BEGIN
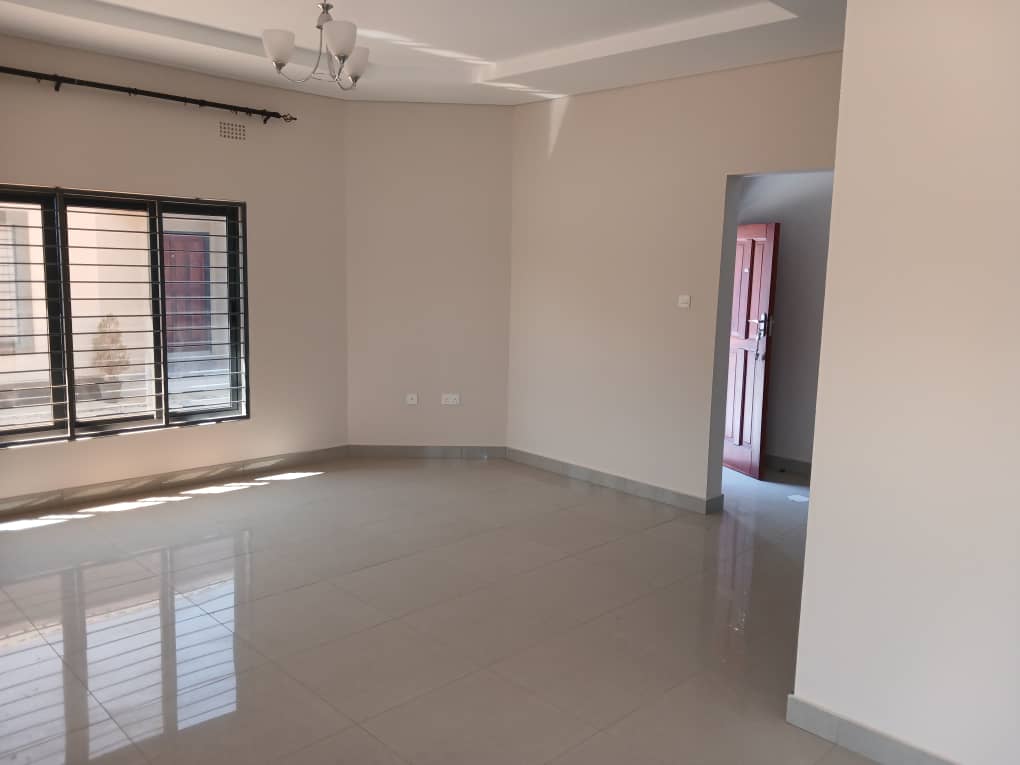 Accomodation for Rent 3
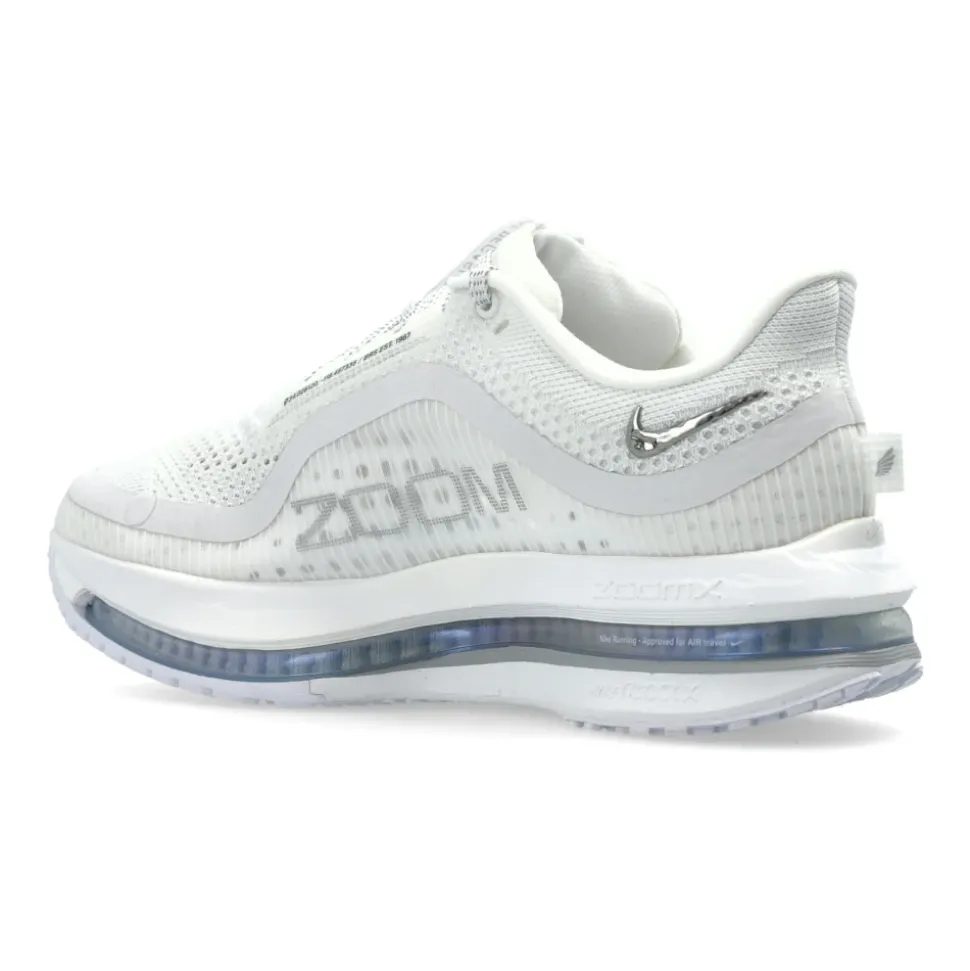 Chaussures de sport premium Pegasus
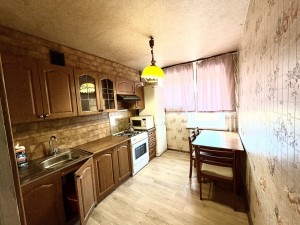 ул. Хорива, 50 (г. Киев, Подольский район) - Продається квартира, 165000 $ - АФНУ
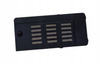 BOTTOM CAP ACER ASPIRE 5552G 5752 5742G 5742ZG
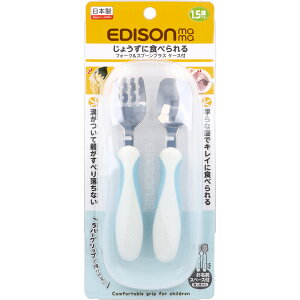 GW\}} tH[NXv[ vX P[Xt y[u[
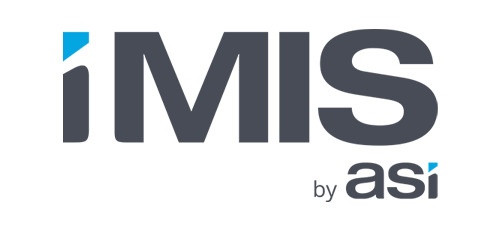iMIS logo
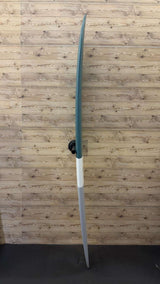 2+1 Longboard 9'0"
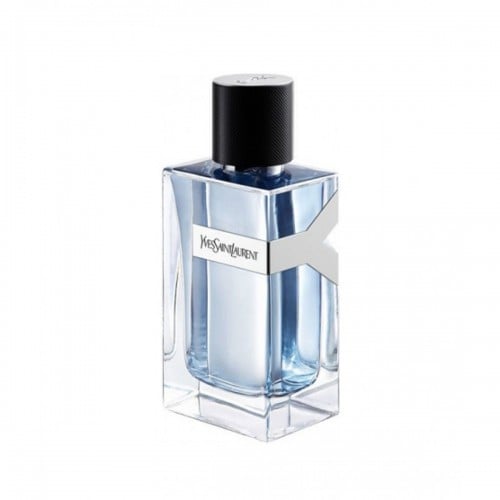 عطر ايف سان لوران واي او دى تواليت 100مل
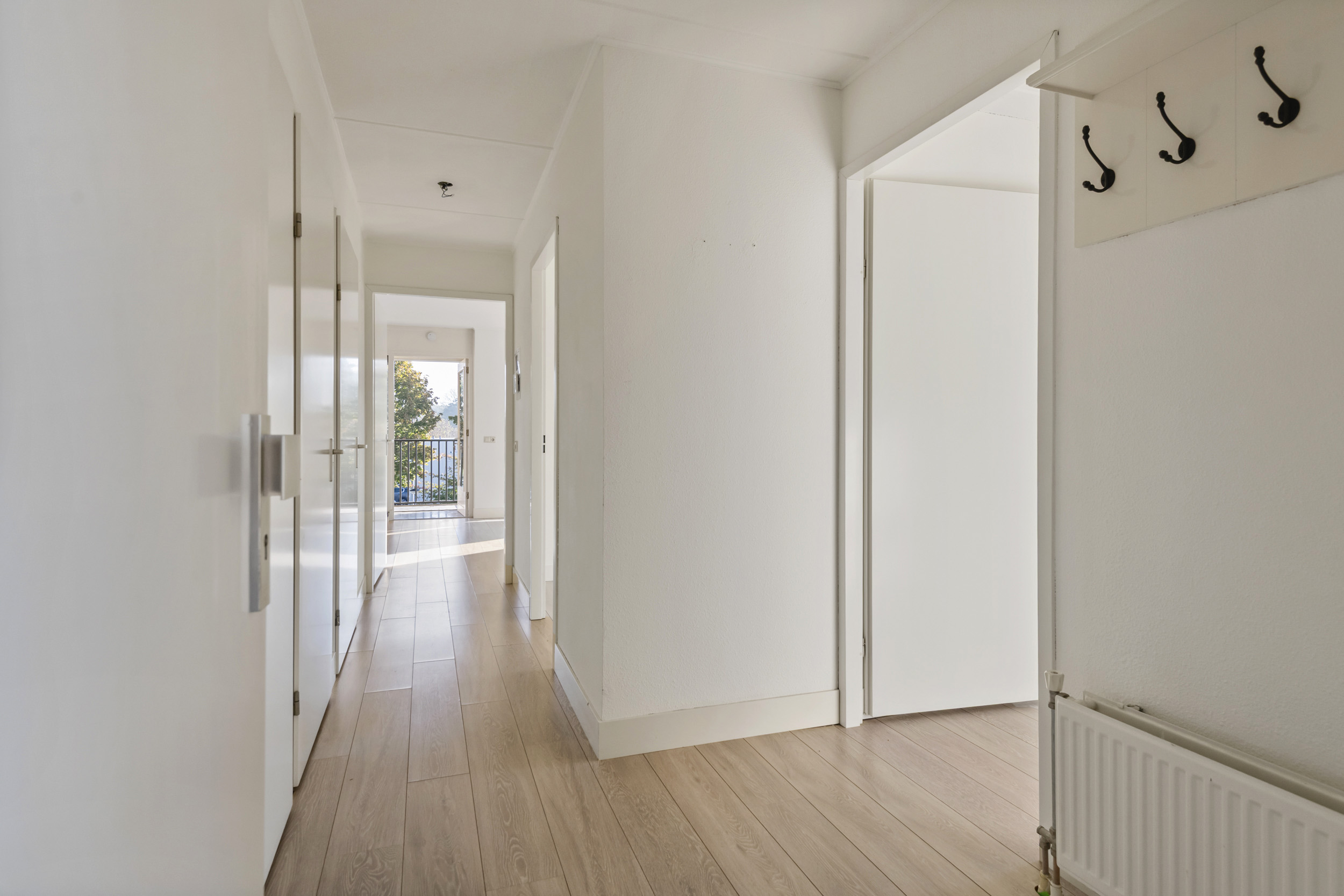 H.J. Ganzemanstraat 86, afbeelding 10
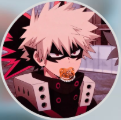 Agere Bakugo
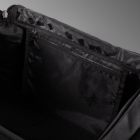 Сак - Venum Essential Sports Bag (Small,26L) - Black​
END
BEGIN
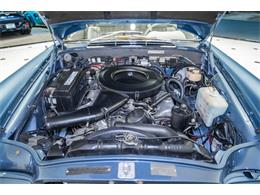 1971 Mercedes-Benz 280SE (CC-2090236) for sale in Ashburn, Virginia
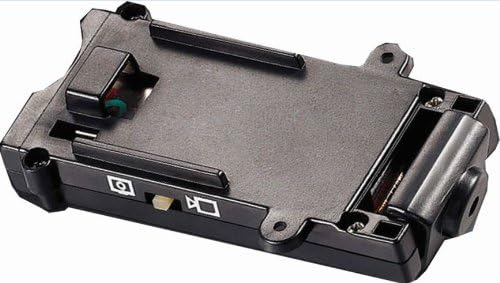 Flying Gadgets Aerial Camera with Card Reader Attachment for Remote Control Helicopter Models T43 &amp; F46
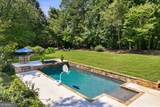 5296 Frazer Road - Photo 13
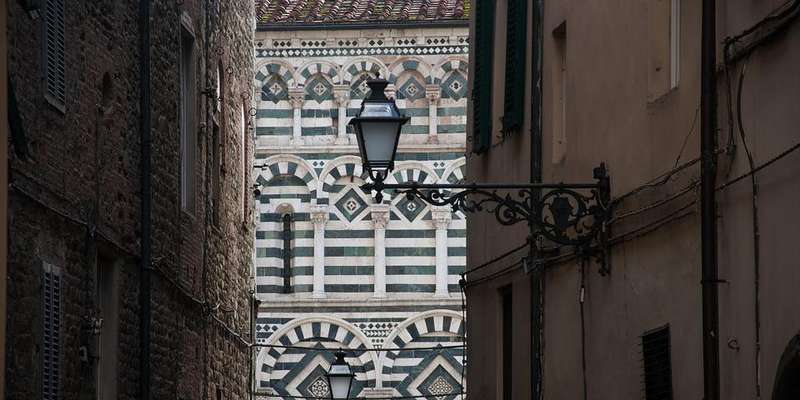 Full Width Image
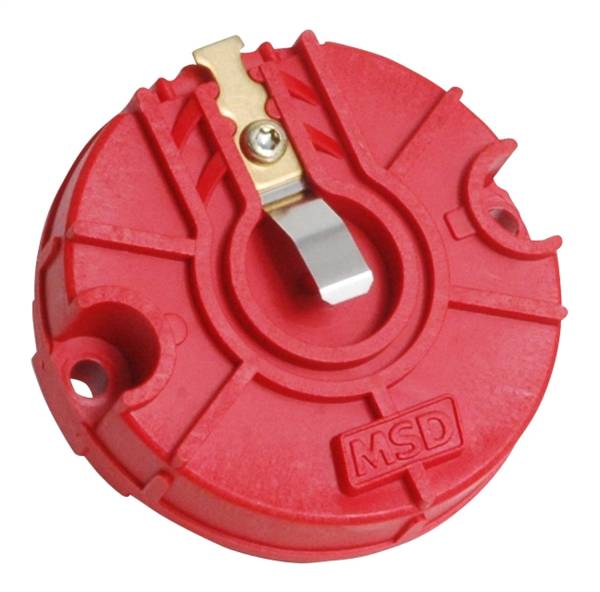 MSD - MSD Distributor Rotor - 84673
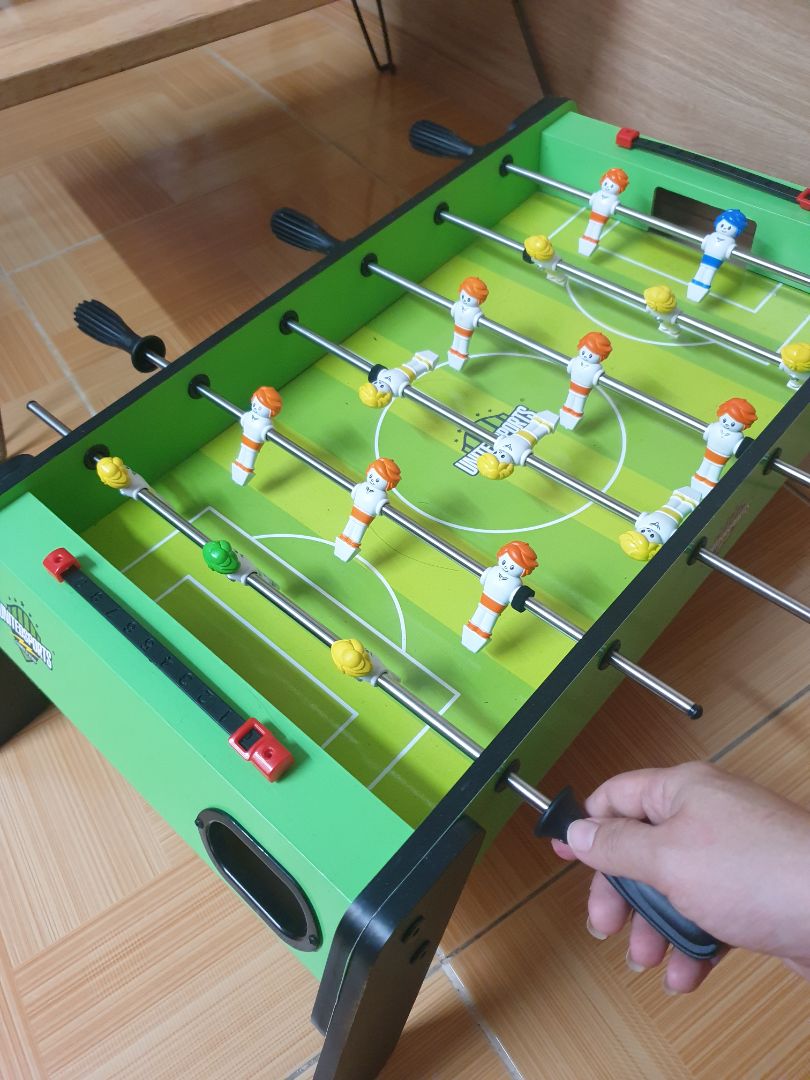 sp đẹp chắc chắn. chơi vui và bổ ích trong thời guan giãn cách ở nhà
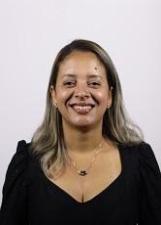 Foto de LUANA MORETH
END
BEGIN
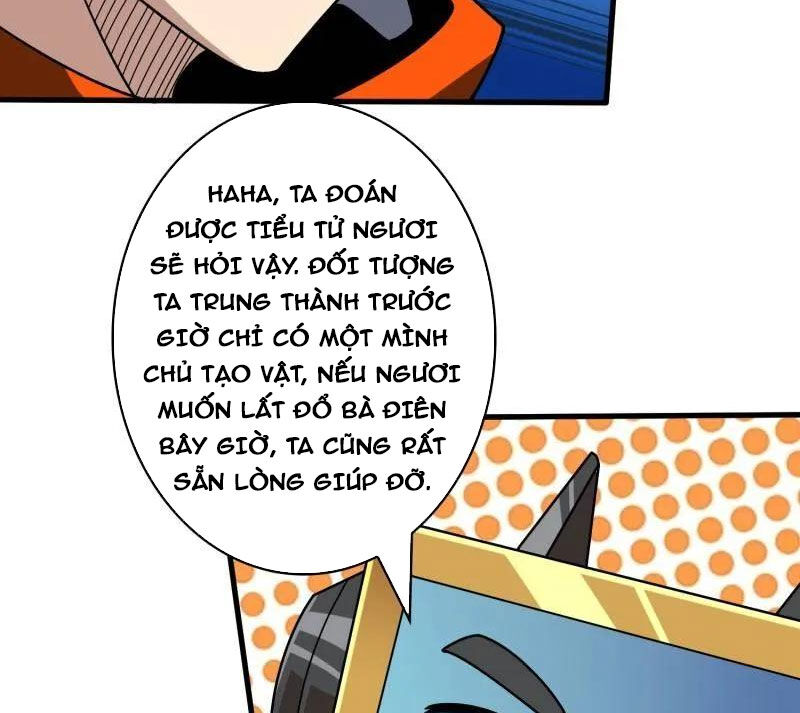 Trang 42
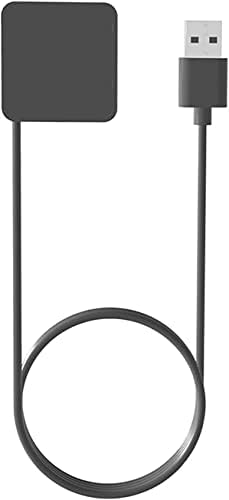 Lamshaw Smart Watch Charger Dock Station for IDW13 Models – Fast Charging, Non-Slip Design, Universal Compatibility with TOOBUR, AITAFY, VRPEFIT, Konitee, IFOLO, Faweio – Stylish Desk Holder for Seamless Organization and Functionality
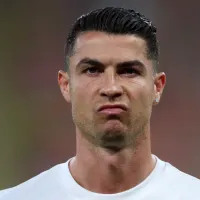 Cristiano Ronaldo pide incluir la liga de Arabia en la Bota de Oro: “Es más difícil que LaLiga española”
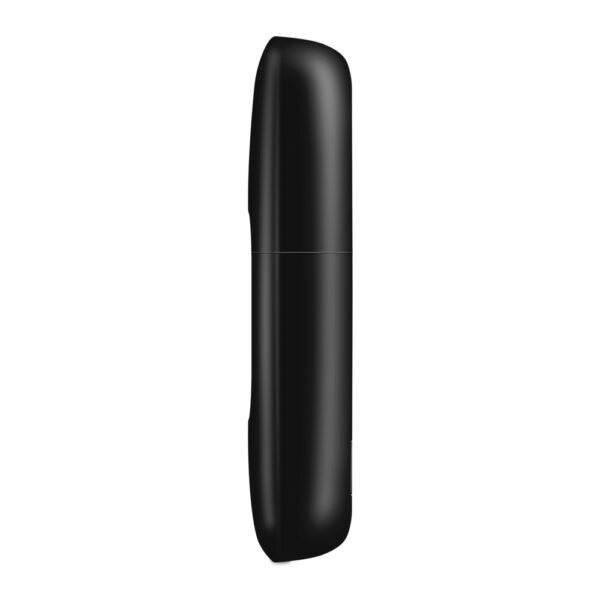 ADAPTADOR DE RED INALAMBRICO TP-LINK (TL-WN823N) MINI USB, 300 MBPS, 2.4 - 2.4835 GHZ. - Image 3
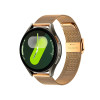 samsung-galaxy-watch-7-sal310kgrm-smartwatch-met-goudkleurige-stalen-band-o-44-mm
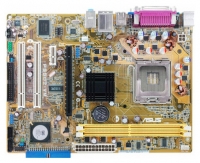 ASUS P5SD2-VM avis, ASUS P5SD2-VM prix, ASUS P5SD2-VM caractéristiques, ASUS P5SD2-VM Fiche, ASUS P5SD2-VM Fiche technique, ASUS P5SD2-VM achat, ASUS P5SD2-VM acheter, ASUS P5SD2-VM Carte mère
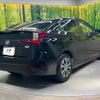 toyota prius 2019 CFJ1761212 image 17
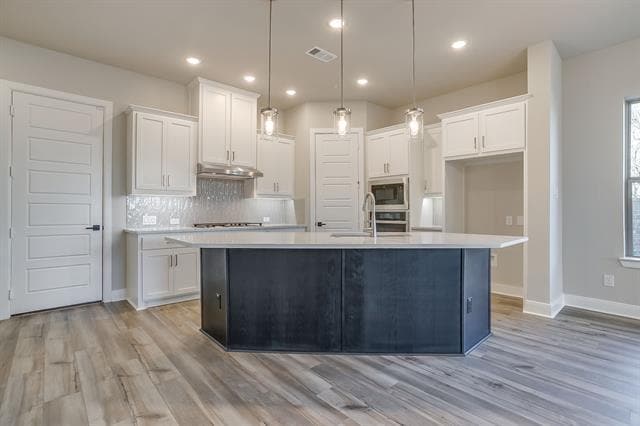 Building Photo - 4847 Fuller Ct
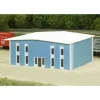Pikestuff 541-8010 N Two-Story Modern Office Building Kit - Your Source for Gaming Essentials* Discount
END
> [Task brief] Write out word for word the lines of the listing above from the line with "MSD - MSD Distributor Rotor - 84673" to the line with "Foto de LUANA MORETH", taking in both of those lines but no pictures.

> [Reply]
 MSD - MSD Distributor Rotor - 84673
 sp đẹp chắc chắn. chơi vui và bổ ích trong thời guan giãn cách ở nhà
 Foto de LUANA MORETH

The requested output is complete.